The project has been a collaboration between SHG, Connect Saint Helena, Centre for Ecology and Hydrology and Arctium. Further support was provided by RBG Kew and SHNT. The islands 20-Year Water Resource Masterplan outlined development and management of island water resources to provide security of supply and enable resilience to climate change. The preferred development approach being through rainwater harvesting (mist capture).

This Darwin Plus funded study was completed to prove or disprove the following hypothesis:

Improving mist capture in the Peaks national park through restoring endemic cloud forest would increase available water resources and provide more cloud forest habitat for at risk endemic plants and invertebrates.

The project’s research in Wells Gut and Grapevine Gut has identified important areas which could affect the future resilience of the Island and water security. Data shows that water supplies can be improved through cloud forest restoration, as mist captured by vegetation in the Peaks provides more water over a year than through normal rainfall. This has the added advantage of increasing the area of habitat needed to safeguard the islands endemic invertebrates and cloud forest plants.

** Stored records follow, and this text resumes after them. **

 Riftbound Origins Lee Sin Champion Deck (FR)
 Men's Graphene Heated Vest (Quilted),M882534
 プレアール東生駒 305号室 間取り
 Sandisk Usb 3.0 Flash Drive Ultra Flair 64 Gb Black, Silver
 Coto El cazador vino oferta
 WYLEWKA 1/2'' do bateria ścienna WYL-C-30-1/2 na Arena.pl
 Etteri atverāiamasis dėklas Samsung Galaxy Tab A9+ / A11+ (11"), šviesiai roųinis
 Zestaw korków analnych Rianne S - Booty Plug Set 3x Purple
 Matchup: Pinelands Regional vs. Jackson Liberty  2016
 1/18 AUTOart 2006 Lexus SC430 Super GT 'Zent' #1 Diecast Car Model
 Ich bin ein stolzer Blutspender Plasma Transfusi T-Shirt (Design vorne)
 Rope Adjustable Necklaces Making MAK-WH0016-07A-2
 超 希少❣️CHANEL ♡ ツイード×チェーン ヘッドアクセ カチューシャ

Below are key facts which are included into the project report:

  • The study area provides 38% of the islands water supply;
  • Mist comprises over 60% of precipitation (mist + rainfall) during the year and is the main source of precipitation for the island during the summer months;
  • Rainfall recorded at Grapevine Gut is 3.9 times higher than at Bottom Woods Met Station in 2017;
  • Mist forms at a higher elevation on the windward (south east) side of the Peaks in Perkins Gut than on the leeward side in Wells Gut;
  • The minimum height above sea level that mist forms is 690mASL;
  • Stream flows as a proportion of each water balance vary significantly between Wells Gut and Grapevine Gut indicating that the relationship between sub-catchment geology, soils, rainfall recharge, dry weather flow and spring flows is the key to understanding how water reaches the streams from mist and rainfall;
  • The use of drones for aerial photography was successful and demonstrated that this technology can enhance conservation work as the data can be used to map vegetation, water catchments, measure the success of invasive species removal and cloud forest restoration programmes, reduce health and safety risks associated with remote field work, plan conservation work and assess changes in habitat over time;
  • The way the island receives its water is going to change due to climate change. The number and distribution of wet and dry days will change along with rainfall intensity;
  • Rainfall is predicted to fluctuate between -2.50mm and +2.05mm per month by 2099, with the number of consecutive dry days increasing up to 48% on the present day. This increases the probability of the island experiencing more periods of drought;
  • Encouraging a larger area of cloud forest and developing a richer peaty subsoil in the Peaks will help even out the islands yearly water supply by slowing rainfall runoff and releasing water in a slower less “flashy” flow. Stream data show that it only takes 3 days for rainfall to reach the streams in the Peaks, limiting the time that water stays within the catchments; and
  • Data suggest that endemic native habitats are potentially more resilient to climate change than the introduced vegetation. The climate change assessment identified altitudinal shifts in the vegetation zone as being critical for the endemic plants and invertebrates within Grapevine Gut and Wells Gut, as a shift in the vegetation zone could significantly reduce the size of the cloud forest.

Outcomes of the project report have been used to support the drafting of the Peaks Management Plan.